The day after I finished The Electric Kool-Aid Acid Test, I wrote a poem as soon as I woke up. If you’re not familiar with my problems with the form, the fact I actually sat down and wrote one is astonishing. It’s in Wolfe’s voice (as near as I can appromixate it, of course), and his voice has been sticking with me ever since I finished it. And that’s extravagantly wonderful, to me. I recently attended a reading by my friend Paige; she was reading her own poetry, and mentioned how she had always thought she’d be a fiction writer, but found herself more of a creative nonfiction writer. While I’m still very much a fiction writer, having written this blog for three years has proven that this whole nonfiction gig is something I like doing, and Wolfe, in a single book, has become an inspiration.
The Song of the Lioness
I didn’t want to mention specific books in this post, since my year-end wrap-up is essentially just around the corner (yikes!), but Alanna: The First Adventure and In the Hand of the Goddess aren’t even vaguely in the running for the best books of the year for me. They’re just not particularly good, and I keep wanting to smack Alanna for not being down with warrior nuns. Warrior nuns. The Catholic inside of me is always for warrior nuns. And yet… there’s something about the wish fulfillment, the wacky eye and hair colors, the talking animals, the awkward dialogue, and classic fantasy action that utterly delights me, the same way thumbing through the manual for Warcraft II did when I was a little kid. Even as I’m aware that they’re just not that good, they’re still supremely comforting.

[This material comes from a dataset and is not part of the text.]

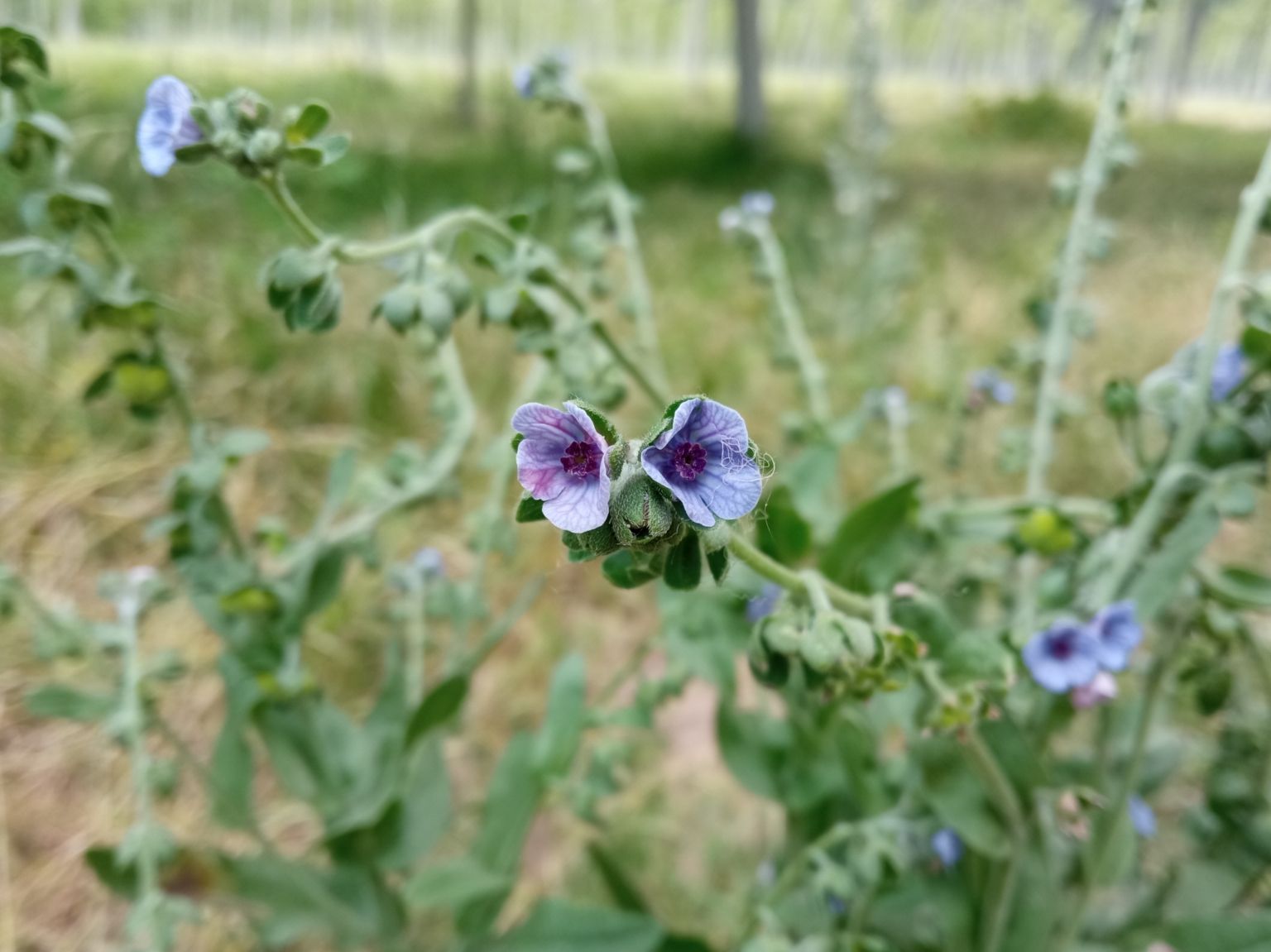 Cynoglossum creticum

I won’t get around to reviewing it until the season wraps up sometime in the spring, but I’ve grown awfully fond of CBS’s Elementary, given my initial distaste for the project. While I’m bitterly disappointed that Joan Watson apparently never served in the military (it’s such a core part of the character!), I’m still fond of her cool head and inability to take any crap from Holmes. And Miller’s Holmes is a very interesting take on the character—for one thing, he’s compassionate, even as he can be alienated from other people and incredibly poorly mannered. Holmes wants to help. Most Holmes or Holmes-based characters value the puzzle over humans, so it’s fascinating to see one that isn’t. Also: there’s no indication that Holmes and Watson are remotely interested in each other romantically, I keep getting over-excited I see anyone who could remotely qualify as Joan’s Mary, and they took a total left turn on Irene for me, so I’m interested to see where they’re going with my beloved Reenie.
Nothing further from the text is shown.